I have 2 gifts left to wrap and then I am completely done with all Christmas preparations. I got an earlier start than usual this year, and stayed on task better than usual. Even when I do get an early start, I usually end up fighting the crowds on the 23rd for those last few things that I've procrastinated about. I'm looking forward to a much more relaxing holiday as a result.
Now if I could just get this house clean...
In the meantime, my husband's birthday is today and I'm just telling you it's no fun having a birthday a couple of days before Christmas. I can't count the number of years I've forgotten until the last minute & had to steal out one of his Christmas gifts for a birthday gift. His cousin called me yesterday saying we never did anything for his birthday and could we do something this year. So, with 2 days notice, I'm planning a small birthday party for him. It's a good thing is very favorite food in the world is hamburgers - I'm not sure I could do much else on such short notice. It's also pretty amazing that everyone we want to be there is free for the evening. Including a very dear to him old friend that he hasn't been in touch with lately. He doesn't know anything about the party yet, but I'm not sure I can manage keeping the whole thing under wraps - how do I hide 5 pounds of ground beef with all the trimmings, and keep him from noticing my preparations when there's no one available to get him out of the house? So I'm sure I'll tell him, but I'm keeping the old friend a secret. I'm looking forward to the look on his face when he sees him again.

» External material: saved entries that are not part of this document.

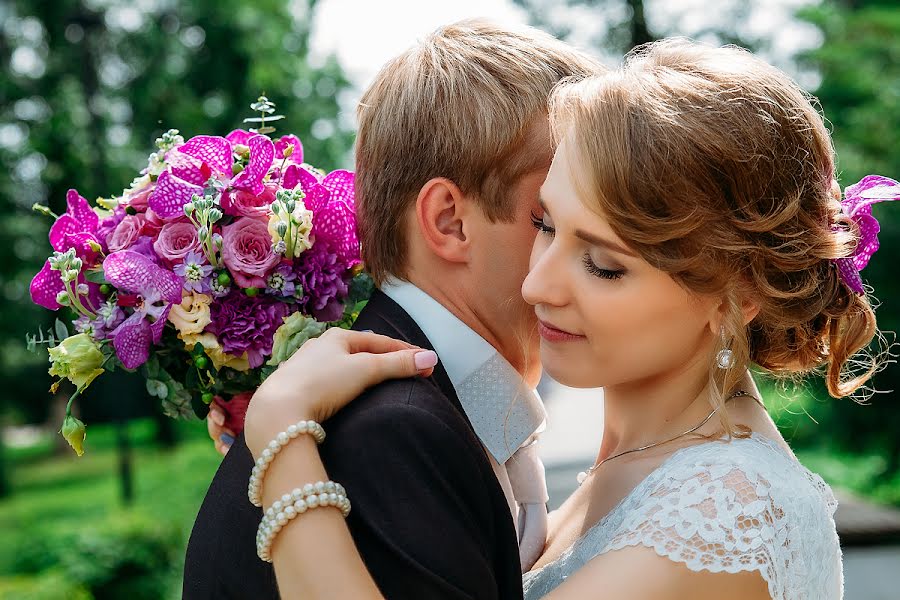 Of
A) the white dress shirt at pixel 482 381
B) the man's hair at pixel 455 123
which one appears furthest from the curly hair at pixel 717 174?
the white dress shirt at pixel 482 381

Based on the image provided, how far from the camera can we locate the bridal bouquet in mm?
2434

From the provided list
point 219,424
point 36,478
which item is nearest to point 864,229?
point 219,424

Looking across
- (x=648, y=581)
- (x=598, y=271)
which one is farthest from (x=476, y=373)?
(x=648, y=581)

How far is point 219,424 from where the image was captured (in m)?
2.85

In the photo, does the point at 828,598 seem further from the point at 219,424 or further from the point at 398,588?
the point at 219,424

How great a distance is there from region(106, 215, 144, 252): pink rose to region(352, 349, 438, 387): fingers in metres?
0.79

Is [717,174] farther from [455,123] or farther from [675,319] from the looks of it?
[455,123]

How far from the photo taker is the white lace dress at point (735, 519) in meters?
2.10

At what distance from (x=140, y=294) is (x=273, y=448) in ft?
2.27

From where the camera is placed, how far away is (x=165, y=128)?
17.0 meters

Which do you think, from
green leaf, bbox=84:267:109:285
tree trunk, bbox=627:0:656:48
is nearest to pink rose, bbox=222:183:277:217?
green leaf, bbox=84:267:109:285

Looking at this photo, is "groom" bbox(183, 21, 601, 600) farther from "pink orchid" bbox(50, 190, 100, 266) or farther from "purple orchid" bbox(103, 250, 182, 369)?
"pink orchid" bbox(50, 190, 100, 266)

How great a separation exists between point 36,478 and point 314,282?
24.3 meters

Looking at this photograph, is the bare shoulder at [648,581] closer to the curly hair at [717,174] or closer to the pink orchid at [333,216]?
the curly hair at [717,174] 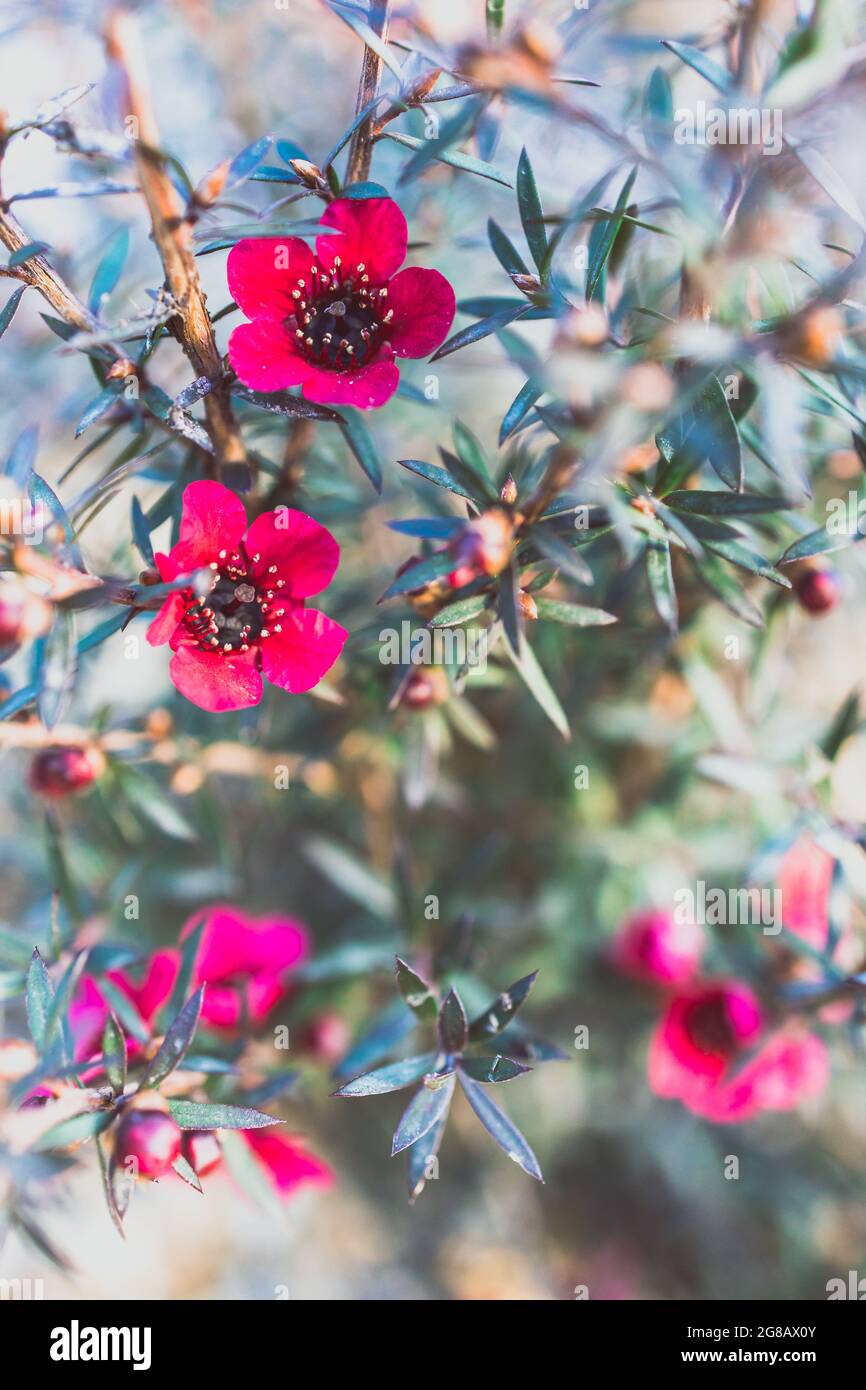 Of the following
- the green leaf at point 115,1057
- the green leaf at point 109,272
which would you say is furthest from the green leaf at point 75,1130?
the green leaf at point 109,272

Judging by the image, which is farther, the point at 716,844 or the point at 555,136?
the point at 716,844

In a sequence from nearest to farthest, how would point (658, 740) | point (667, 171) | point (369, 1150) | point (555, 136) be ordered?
point (667, 171) → point (555, 136) → point (658, 740) → point (369, 1150)

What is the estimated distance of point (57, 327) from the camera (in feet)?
2.28

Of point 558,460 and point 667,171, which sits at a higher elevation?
point 667,171

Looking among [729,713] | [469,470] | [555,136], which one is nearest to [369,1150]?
[729,713]

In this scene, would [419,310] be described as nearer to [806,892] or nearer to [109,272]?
[109,272]

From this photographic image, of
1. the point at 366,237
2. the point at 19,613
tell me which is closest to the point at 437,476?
the point at 366,237

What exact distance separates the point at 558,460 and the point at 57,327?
39 centimetres

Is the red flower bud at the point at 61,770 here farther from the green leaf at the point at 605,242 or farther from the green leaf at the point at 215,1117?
the green leaf at the point at 605,242

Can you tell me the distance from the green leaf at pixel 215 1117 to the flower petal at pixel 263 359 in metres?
0.53

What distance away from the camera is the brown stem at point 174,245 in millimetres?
515

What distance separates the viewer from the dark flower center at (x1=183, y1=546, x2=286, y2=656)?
708 mm

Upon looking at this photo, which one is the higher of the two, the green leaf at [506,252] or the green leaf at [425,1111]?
the green leaf at [506,252]

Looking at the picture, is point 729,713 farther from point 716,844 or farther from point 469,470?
point 469,470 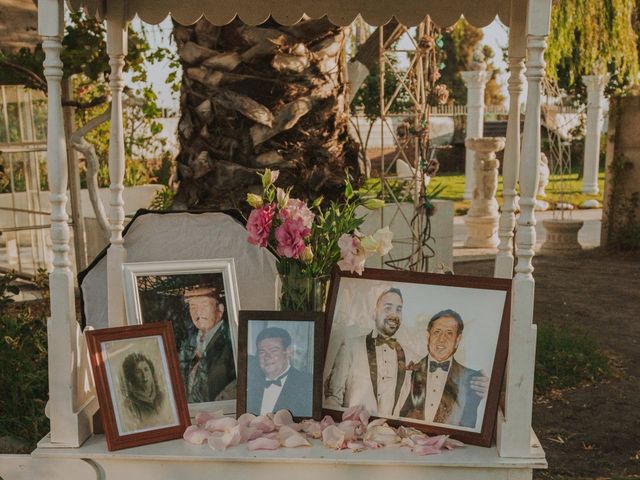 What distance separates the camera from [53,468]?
6.82ft

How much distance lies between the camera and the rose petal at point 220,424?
7.00 feet

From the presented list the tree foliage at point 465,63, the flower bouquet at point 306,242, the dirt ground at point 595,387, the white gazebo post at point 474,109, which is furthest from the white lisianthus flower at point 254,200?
the tree foliage at point 465,63

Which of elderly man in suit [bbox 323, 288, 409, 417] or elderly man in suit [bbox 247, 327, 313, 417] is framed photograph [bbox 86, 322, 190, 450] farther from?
elderly man in suit [bbox 323, 288, 409, 417]

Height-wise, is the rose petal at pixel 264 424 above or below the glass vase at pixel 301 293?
below

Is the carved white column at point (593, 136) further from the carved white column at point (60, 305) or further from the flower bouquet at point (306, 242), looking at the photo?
the carved white column at point (60, 305)

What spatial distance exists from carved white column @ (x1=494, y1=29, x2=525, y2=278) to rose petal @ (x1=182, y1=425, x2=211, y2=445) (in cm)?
106

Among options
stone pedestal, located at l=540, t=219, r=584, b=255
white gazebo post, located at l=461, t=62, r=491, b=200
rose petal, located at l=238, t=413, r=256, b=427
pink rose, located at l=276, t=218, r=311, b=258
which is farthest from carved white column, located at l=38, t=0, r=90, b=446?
white gazebo post, located at l=461, t=62, r=491, b=200

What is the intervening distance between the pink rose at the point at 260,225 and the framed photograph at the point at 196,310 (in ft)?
0.56

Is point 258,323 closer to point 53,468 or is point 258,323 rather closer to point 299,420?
point 299,420

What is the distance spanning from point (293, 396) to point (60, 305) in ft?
2.04

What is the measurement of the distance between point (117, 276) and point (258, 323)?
1.81 ft

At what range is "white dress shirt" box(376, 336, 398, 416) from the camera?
7.22 feet

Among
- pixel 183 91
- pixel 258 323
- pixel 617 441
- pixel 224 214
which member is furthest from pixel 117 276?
pixel 617 441

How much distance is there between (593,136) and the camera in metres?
14.5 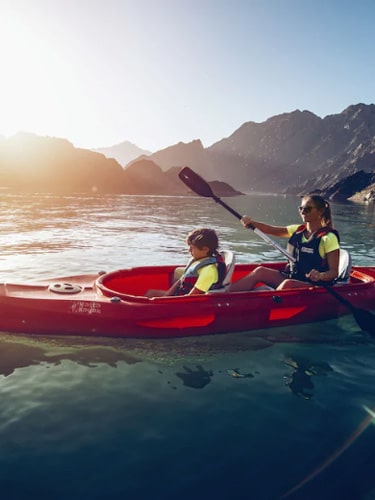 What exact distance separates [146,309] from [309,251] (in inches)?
106

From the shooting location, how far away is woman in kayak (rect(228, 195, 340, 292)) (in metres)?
6.10

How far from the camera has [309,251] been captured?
6375 millimetres

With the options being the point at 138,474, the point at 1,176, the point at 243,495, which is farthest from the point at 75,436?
the point at 1,176

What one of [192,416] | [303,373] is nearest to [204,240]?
[303,373]

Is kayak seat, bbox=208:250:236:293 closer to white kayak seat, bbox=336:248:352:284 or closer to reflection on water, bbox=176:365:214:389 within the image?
reflection on water, bbox=176:365:214:389

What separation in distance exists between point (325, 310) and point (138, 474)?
172 inches

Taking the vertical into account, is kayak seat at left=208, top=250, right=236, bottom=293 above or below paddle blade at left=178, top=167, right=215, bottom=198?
below

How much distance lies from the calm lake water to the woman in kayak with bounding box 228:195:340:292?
86 centimetres

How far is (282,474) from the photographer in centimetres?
326

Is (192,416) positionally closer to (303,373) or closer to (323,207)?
(303,373)

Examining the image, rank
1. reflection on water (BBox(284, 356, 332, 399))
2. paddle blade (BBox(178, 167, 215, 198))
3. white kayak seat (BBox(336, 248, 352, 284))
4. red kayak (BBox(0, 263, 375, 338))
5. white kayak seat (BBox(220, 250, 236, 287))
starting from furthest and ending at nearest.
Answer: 1. paddle blade (BBox(178, 167, 215, 198))
2. white kayak seat (BBox(336, 248, 352, 284))
3. white kayak seat (BBox(220, 250, 236, 287))
4. red kayak (BBox(0, 263, 375, 338))
5. reflection on water (BBox(284, 356, 332, 399))

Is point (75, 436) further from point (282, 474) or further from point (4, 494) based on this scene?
point (282, 474)

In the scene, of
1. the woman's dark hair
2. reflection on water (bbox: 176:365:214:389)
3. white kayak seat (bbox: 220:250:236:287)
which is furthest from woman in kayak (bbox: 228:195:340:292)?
reflection on water (bbox: 176:365:214:389)

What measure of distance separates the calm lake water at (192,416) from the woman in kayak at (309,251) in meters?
0.86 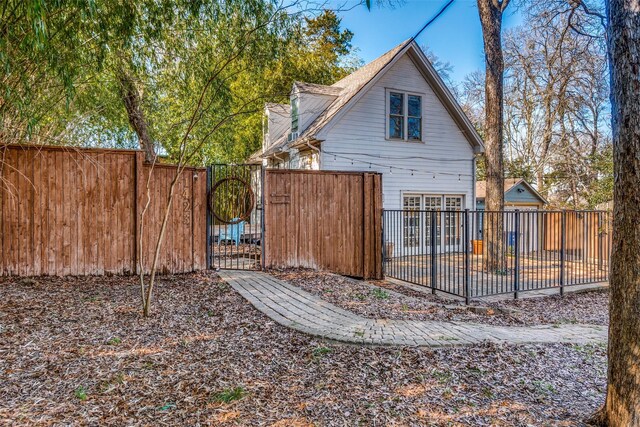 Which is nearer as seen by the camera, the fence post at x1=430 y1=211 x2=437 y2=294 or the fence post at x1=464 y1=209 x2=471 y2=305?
the fence post at x1=464 y1=209 x2=471 y2=305

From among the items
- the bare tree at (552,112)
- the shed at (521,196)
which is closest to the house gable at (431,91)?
the shed at (521,196)

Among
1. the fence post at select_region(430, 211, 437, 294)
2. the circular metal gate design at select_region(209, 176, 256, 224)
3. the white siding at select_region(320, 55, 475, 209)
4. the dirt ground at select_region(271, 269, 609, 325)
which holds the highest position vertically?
the white siding at select_region(320, 55, 475, 209)

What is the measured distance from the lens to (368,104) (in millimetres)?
12320

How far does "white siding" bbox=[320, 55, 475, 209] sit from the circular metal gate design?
174 inches

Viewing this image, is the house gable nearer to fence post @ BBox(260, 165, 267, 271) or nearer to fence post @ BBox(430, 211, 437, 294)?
fence post @ BBox(260, 165, 267, 271)

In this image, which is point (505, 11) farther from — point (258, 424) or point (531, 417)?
point (258, 424)

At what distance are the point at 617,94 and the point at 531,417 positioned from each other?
87.9 inches

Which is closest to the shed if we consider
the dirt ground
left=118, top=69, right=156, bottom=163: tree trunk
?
the dirt ground

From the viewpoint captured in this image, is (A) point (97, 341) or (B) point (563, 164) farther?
(B) point (563, 164)

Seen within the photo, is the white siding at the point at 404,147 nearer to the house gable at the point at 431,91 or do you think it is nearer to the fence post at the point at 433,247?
the house gable at the point at 431,91

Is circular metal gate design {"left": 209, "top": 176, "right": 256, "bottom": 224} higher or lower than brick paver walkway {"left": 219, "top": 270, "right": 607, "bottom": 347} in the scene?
higher

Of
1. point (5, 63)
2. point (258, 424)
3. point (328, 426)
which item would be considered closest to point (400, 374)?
point (328, 426)

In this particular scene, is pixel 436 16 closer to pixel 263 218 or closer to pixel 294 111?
pixel 263 218

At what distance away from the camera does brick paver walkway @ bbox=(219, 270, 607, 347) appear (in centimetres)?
398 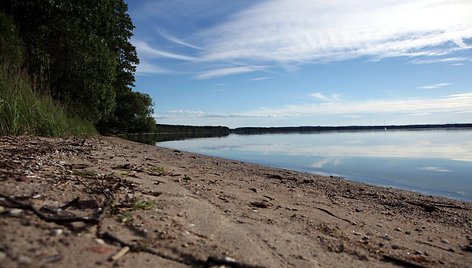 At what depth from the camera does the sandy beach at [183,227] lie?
2.34m

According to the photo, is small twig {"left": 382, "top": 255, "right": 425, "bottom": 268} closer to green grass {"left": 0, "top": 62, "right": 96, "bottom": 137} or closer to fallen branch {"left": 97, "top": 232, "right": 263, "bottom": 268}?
fallen branch {"left": 97, "top": 232, "right": 263, "bottom": 268}

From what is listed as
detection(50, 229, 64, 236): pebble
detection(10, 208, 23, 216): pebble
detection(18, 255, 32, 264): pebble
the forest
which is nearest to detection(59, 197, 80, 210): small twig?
detection(10, 208, 23, 216): pebble

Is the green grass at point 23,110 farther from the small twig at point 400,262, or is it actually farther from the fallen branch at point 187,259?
the small twig at point 400,262

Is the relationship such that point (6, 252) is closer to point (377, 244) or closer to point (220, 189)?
point (377, 244)

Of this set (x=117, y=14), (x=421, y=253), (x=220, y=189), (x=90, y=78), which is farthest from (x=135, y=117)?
(x=421, y=253)

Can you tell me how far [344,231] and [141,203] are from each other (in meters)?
2.11

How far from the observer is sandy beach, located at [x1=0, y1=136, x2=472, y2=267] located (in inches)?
92.2

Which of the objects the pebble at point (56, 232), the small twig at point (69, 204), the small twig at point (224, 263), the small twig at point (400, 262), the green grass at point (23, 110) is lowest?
the small twig at point (400, 262)

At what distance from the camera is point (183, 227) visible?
309 cm

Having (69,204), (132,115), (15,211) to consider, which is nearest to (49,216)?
(15,211)

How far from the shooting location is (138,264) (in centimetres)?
226

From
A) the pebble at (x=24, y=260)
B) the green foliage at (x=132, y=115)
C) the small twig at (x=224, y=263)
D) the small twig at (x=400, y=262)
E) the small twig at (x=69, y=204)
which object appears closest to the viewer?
the pebble at (x=24, y=260)

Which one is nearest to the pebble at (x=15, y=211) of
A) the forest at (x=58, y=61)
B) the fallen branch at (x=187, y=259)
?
the fallen branch at (x=187, y=259)

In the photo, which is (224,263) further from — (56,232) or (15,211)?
(15,211) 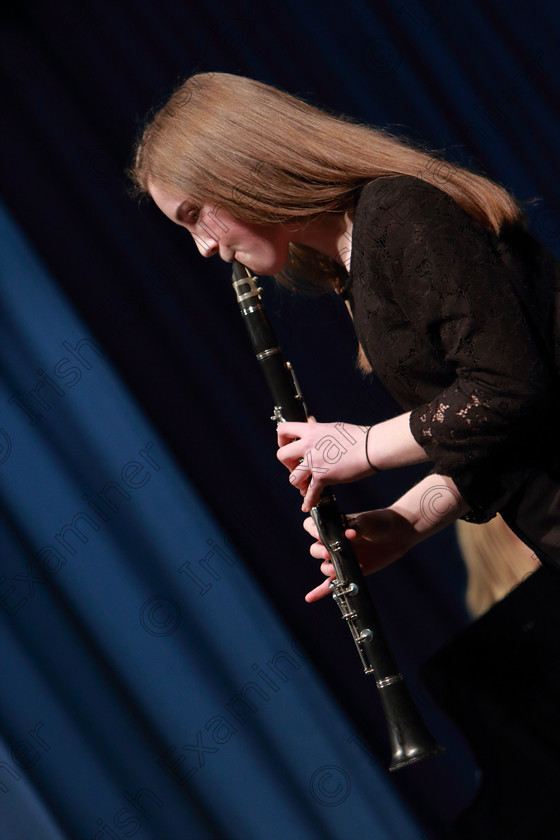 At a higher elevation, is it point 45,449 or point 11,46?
point 11,46

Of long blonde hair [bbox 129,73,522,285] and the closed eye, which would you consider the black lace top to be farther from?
the closed eye

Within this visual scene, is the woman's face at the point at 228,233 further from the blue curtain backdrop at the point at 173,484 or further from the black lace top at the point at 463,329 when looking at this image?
the blue curtain backdrop at the point at 173,484

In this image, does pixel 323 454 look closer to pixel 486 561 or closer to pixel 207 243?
pixel 207 243

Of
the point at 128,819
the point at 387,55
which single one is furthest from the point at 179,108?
the point at 128,819

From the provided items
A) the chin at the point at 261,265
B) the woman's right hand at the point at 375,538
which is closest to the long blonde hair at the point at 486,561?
the woman's right hand at the point at 375,538

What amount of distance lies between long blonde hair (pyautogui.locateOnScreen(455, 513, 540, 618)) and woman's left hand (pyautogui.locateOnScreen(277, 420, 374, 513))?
0.79 meters

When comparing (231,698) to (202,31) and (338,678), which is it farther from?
(202,31)

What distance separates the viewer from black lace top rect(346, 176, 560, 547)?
0.94 m

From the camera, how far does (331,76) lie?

I'm trying not to let recent events dampen our celebrations, but I have to admit to having my mind on that more than Christmas lately. I tend to internalize my thoughts & feelings somewhat, but even if I did want to voice them, there seem to be no words. What do you say? That it's unbearably sad? That it's scary? While true, those words are so incredibly inadequate. I wonder if that's why the gun control debate has taken center stage so quickly. It's so much easier to think about and talk about that. I just keep reminding myself that I'm not doing that community any good by not enjoying my own celebrations. In fact, enjoying my daughter more is probably the best thing I can do. That and pray for those families. They will certainly need God's grace to achieve any semblance of normality, really at any point in the future. I imagine the loss will be as great in 5 years as it is now.